Ayah saya memberi saya tiga kalimat
untuk membantu saya dalam hidup.
Suatu hari, ayah saya memasak dua
mangkuk mie dan meletakkan dua
mangkuk di atas meja. Satu mangkuk
hadir dengan satu telur di bagian
atas mie dan mangkuk lainnya tidak
memiliki telur di atasnya.
Ayah berkata, "Anakku, silakan kamu
pilih mangkuk mana yang kamu
inginkan."
Telur sulit didapat saat itu! Hanya
bisa makan telur selama festival atau
Tahun Baru. Tentu saja saya memilih
mangkuk dengan telur!

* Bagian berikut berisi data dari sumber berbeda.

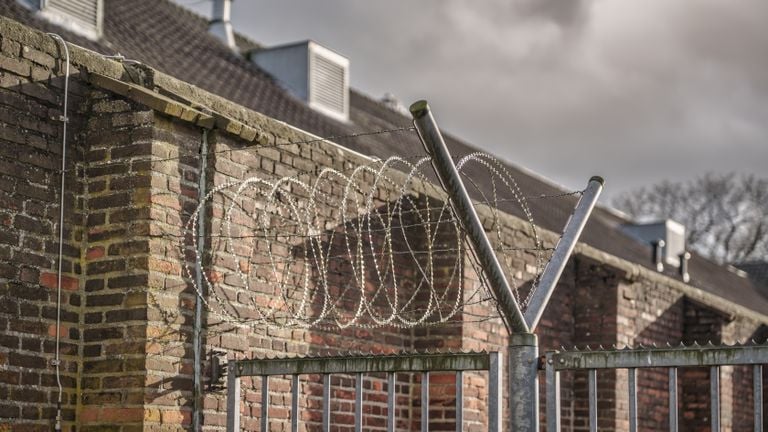 NATO stimulus wire elsewhere on the site at Unit 1 (photo: Department of Custodial Institutions).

Saat kami
mulai makan. Saya mengucapkan
selamat kepada diri saya sendiri atas
pilihan dan keputusan bijak yang saya
lakukan dan mendapatkan telur itu.
Lalu saya terkejut ketika ayah saya
makan mie, ada dua telur di bawah
mangkuknya, tersembunyi di bagian
bawah mie! Saya sangat menyesal!
Dan memarahi diri saya sendiri karena
terlalu terburu-buru dalam mengambil
keputusan.
Ayah saya tersenyum dan iba kepada
saya, “Anakku kamu harus ingat apa
yang dilihat matamu mungkin tidak
benar. Jika kmu berniat mengambil
keuntungan dari orang-orang, kamu
akan berakhir dengan kekalahan.”
Keesokan harinya, ayah saya kembali
memasak dua mangkuk mie: satu
mangkuk dengan telur di atasnya
dan mangkuk lainnya tanpa telur di
atasnya.
Sekali lagi, dia meletakkan
dua mangkuk di atas meja dan berkata
kepada saya, "Anakku, silakan pilih
mangkuk mana yang kamu inginkan?"
Kali ini saya lebih pintar. Saya memilih
mangkuk tanpa telur di atasnya.
Yang mengejutkan saya, saat saya
memisahkan mie di atas, tidak ada
satu pun telur di dasar mangkuk!
Sekali lagi ayah saya tersenyum dan
berkata kepada saya, “Anakku, kamu
tidak harus selalu bergantung pada
pengalaman, karena kadang-kadang,
hidup dapat mengecohmu atau menipu
kamu. Tetapi kamu tidak boleh terlalu
jengkel atau bersedih. Kamu hanya
perlu memperlakukan hal ini sebagai
pengetahuan yang kamu dapat dari
proses pembelajaranmu.”
Hari ketiga, ayah saya lagi memasak
dua mangkuk mie. Satu mangkuk
dengan telur di atas dan mangkuk
lainnya tanpa telur di atasnya. Dia
meletakkan dua mangkuk di atas meja
dan kembali berkata kepada saya
sebagaimana sebelumnya.
Kali ini, saya bilang kepada ayah,
"Ayah, kamu pilih dulu. Ayah adalah
kepala keluarga dan berkontribusi
paling banyak kepada keluarga." Ayah
saya tidak menolak dan memilih
mangkuk dengan satu telur di atasnya.
Saat saya makan semangkuk mie
saya, di hati saya berkata pasti tidak
ada telur di dalam mangkuk. Yang
mengejutkan saya! Ada dua telur di
dasar mangkuk. Ayah saya tersenyum
kepada saya dengan cinta di matanya,
“Anakku kamu harus ingat! Ketika
kamu berpikir untuk kebaikan orang
lain, maka hal-hal baik akan selalu
terjadi pada dirimu.”
Kisah ini mengajarkan kita untuk
bersikap adil kita hanya perlu berpikir
untuk kebaikan orang lain. Entah
dalam rangka kita sedang membela
keadilan, menghakimi orang lain, atau
dalam berinteraksi dengan orang lain
dalam kehidupan sehari-hari.
0 Response to "Adil Tanpa Menghakimi"
Posting Komentar
Mohon berkomentar secara bijaksana, bersudut pandang positif dan menyertakan identitas di akhir komentar (walaupun fasilitas komentar tanpa nama). Satu lagi mohon tidak meninggalkan komentar spam !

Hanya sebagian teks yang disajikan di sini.